6 responses so far ↓
1 Melissa // Sep 2, 2008 at 3:13 pm
Those kids aren’t getting married. The family’s just saying that. If they were going to get married, they would have done it already. The boy’s Myspace page (before it was pulled offline) said he didn’t want kids.
I bet you a buck the Palin’s opted their kids out of sex ed in school.
I wonder where a horney 17 year old would go to get birth control in Middle of Nowhere Alaska? How many pharmacies do you think that town has? What are the odds that if that poor girl had walked into the town pharmacy and purchased a Today Sponge or some IVF that the cashier wouldn’t have promptly called her mother?
What would have happed if the girl had said to her mother, “I need to get on the pill because I’m gonna have me some sex?”
Not that I’m saying anything about the Palins, but wasn’t it just in the news that that young woman in Florida (who probably murdered her child) never wanted the kid? That she was bullied by her mother into 1) having the baby 2) keeping it?
What else is there to do up there besides play hockey and copulate?
2 Kathy // Sep 2, 2008 at 7:46 pm
i’m sure their form of birth control was abstinence. funny how now we can see that it really wasn’t all that effective . . .
no parent should encourage their 17 year old daughter to get married. continue the pregnancy? fine, i am pro-choice and if that’s her choice than so be it. but, really, this is the 21st century. no one should expect or even encourage a 17 year old to get married because he/she didn’t think to use protection. i guess maybe in conservative land it’s better for them to divorce in 10 years than have a baby out of wedlock now.
and we could blame bristol (terrible name, what were her parents thinking) but then there’s another party involved here. what was levi thinking? wrap it up boys, wrap it up. you are just as much to blame.
3 lil' bro // Sep 2, 2008 at 11:26 pm
Lynne Spears of politics, that’s funny. “I’m gonna be a gran’ma y’all!
4 urbanmenno // Sep 3, 2008 at 8:55 am
Even if sex ed were taught in the schools, I don’t know either if they were really aware of them. One thing that no one has mentioned is the teen pregnancy rate in Alaska. I’d be curious to see how high it is. Maybe she’s just your basic Alaska teen. You’re right Melissa … it does get really dark up there.

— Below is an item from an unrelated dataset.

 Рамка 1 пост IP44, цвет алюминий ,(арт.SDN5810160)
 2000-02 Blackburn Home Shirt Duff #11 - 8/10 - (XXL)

You do have to wonder how much of an impact her family beliefs had on her birth control choices. I think about those pregnant high school kids from home and it’s a mixture of home-taught abstinence and maybe just sheer stupidity?
It’s really the marriage thing that gets me. True love and all that? Fine. It should be able to handle waiting for the next several years.
5 Melissa // Sep 3, 2008 at 9:30 am
I think statistically people who get married young actually have lower divorce rates than than people who wait until their knee deep in their 30’s to do it the first time. Not, that I’m advocating 17/18 year olds getting married. But, I had friends who did it, and 15 -20 years later they’re still married. ALL of my friends who waited until they were in their 30’s to get married the first time were divorced within five years.
My not-quite-20- year old son is getting really to marry his girl. He would have married her on his 18th birthday, but she was like, “We’re 18! Whaddareya nuts?” So, now, they’re not quite 20, and they think they’re ready. I’m just happy that he found such a sweet girl.
6 Kathy // Sep 3, 2008 at 8:39 pm
It’s not just about getting married younger, it’s about getting married that young because you’re knocked up. Very different. In my opinion.